A paz de espírito tem um preço. Pelo menos foi o que disseram à Mover alguns ex-ministros da Defesa, assim como altos oficiais da ativa e da reserva que possuem trânsito no Palácio do Planalto, e que participaram das conversas que desencadearam nessa decisão.

Por já ser mundialmente visto como um pária ambiental, Bolsonaro pioraria sua imagem ao se posicionar de forma neutra ante a Rússia — vista como uma potência nuclear prestes a agredir uma nação democrática. No entanto, para os militares que aconselharam Bolsonaro a prosseguir com a visita, os benefícios para o país poderiam superar amplamente quaisquer riscos reputacionais e diplomáticos, disseram as fontes.

A visita, que começou em 16 de fevereiro e durou pouco mais de um dia, ajudou a transformar o que poderia ser uma tragédia para o agronegócio nacional em parcerias capazes de colocar o Brasil como o celeiro de alimentos mais confiável do mundo.

Bolsonaro queria garantir o fluxo de insumos, como fertilizantes e defensivos agrícolas, para que o agronegócio continuasse funcionando na medida do possível. O núcleo duro dos militares vê a Rússia como um país que apoiaria o Brasil caso houvesse um redesenho global das cadeias de suprimento — o que intensificaria o papel do país como megaprodutor de alimentos, disseram quatro das fontes.

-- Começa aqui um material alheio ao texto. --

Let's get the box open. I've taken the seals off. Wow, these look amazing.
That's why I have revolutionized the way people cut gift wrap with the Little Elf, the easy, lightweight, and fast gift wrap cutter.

Os resultados da tão criticada visita estão surtindo efeito — pelo menos por ora.

De acordo com uma fonte ligada ao Ministério da Agricultura, antes da visita de Bolsonaro à Rússia, o país possuía estoques de fertilizantes suficientes até outubro. Hoje, não há risco de falta de insumos para a safra finda em março próximo, afirma a mesma fonte.

A consultoria MacroSector estima que o Brasil terminará este ano com estoques de 7 milhões de toneladas de fertilizantes, apenas 4% abaixo do volume de dezembro. A Vittia Fertilizantes, por exemplo, disse a seus acionistas neste mês que, apesar dos preços mais altos, não sentiu até agora uma interrupção no fluxo de fertilizantes para o Brasil, com produtores se utilizando de estoques ou diversificando fornecedores.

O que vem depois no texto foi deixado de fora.